Thanki Ketan, Nicholls Michael E, Gajjar Aakash, Senagore Anthony J, Qiu Suimin, Szabo Csaba, Hellmich Mark R, Chao Celia
Department of Surgery, University of Texas Medical Branch at Galveston, Galveston, Texas, USA.
Department of Surgical Pathology, University of Texas Medical Branch at Galveston, Galveston, Texas, USA.
Int Biol Biomed J. 2017 Summer;3(3):105-111. Epub 2017 Jun 13.

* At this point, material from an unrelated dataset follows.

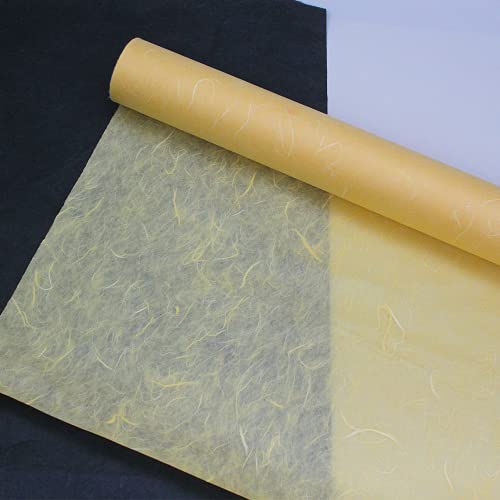 Korean Traditional Mulberry Paper, Colored Hanji Paper Roll, Natural Fiber Texture, Unyong (Orange, 21.3" x 787.4") - color: Orange, size: 21.3" x 787.4"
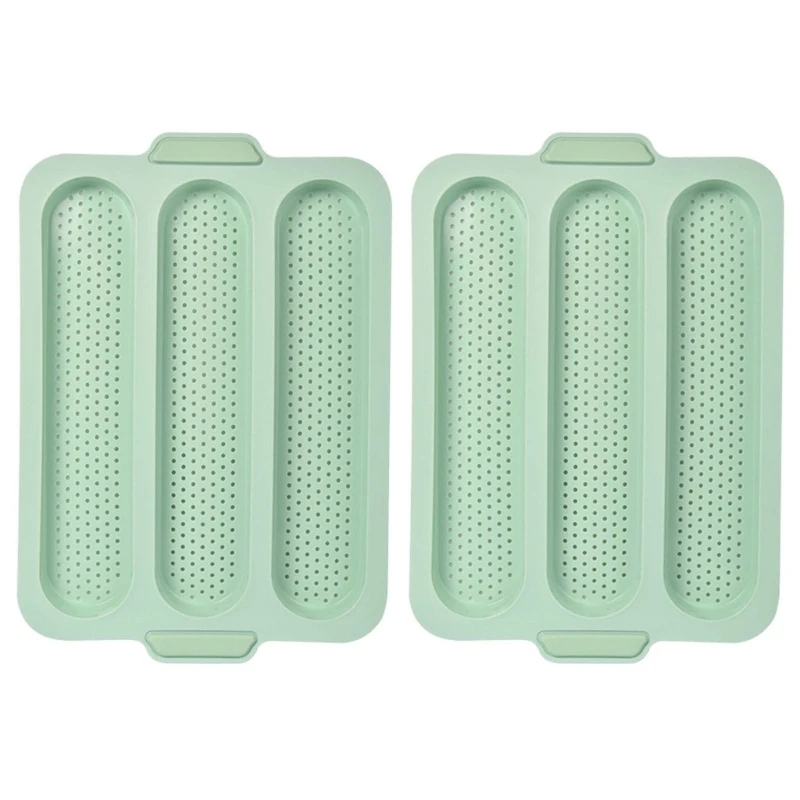 

Baking Mold Food Grade 3 Grids Baguettes Silicone Mould Tray Anti-scalding Non-stick Bread Cake Mold Kitchen Accessories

The colorectal cancer (CRC) Subtyping Consortium has unified six independent molecular classification systems, based on gene expression data, into a single consensus system with four distinct groups, known as the Consensus Molecular Subtypes (CMS); clinical implications are discussed in this review. This article is based on a literature review relevant to the CMS of CRC indexed in PubMed (US National Library of Medicine) as well as the authors' own published data. The CMS were determined and correlated with epigenomic, transcriptomic, microenvironmental, genetic, prognostic and clinical characteristics. The CMS1 subtype is immunogenic and hypermutated. CMS2 tumors are activated by the WNT-β-catenin pathway and have the highest overall survival. CMS3 feature a metabolic cancer phenotype and CMS4 cancers have the worst survival and have a strong stromal gene signature. The Consensus Molecular Subtypes of CRC may better inform clinicians of prognosis, therapeutic response, and potential novel therapeutic strategies.
结直肠癌(CRC)亚型联盟已将基于基因表达数据的六个独立分子分类系统统一为一个具有四个不同组的单一共识系统,即共识分子亚型(CMS);本综述讨论了其临床意义。本文基于对美国国立医学图书馆PubMed中索引的与CRC的CMS相关的文献综述以及作者自己发表的数据。确定了CMS,并将其与表观基因组、转录组、微环境、遗传、预后和临床特征相关联。CMS1亚型具有免疫原性且高度突变。CMS2肿瘤由WNT-β-连环蛋白途径激活,总体生存率最高。CMS3具有代谢性癌症表型,CMS4癌症的生存率最差,且具有强烈的基质基因特征。CRC的共识分子亚型可能会更好地为临床医生提供有关预后、治疗反应和潜在新治疗策略的信息。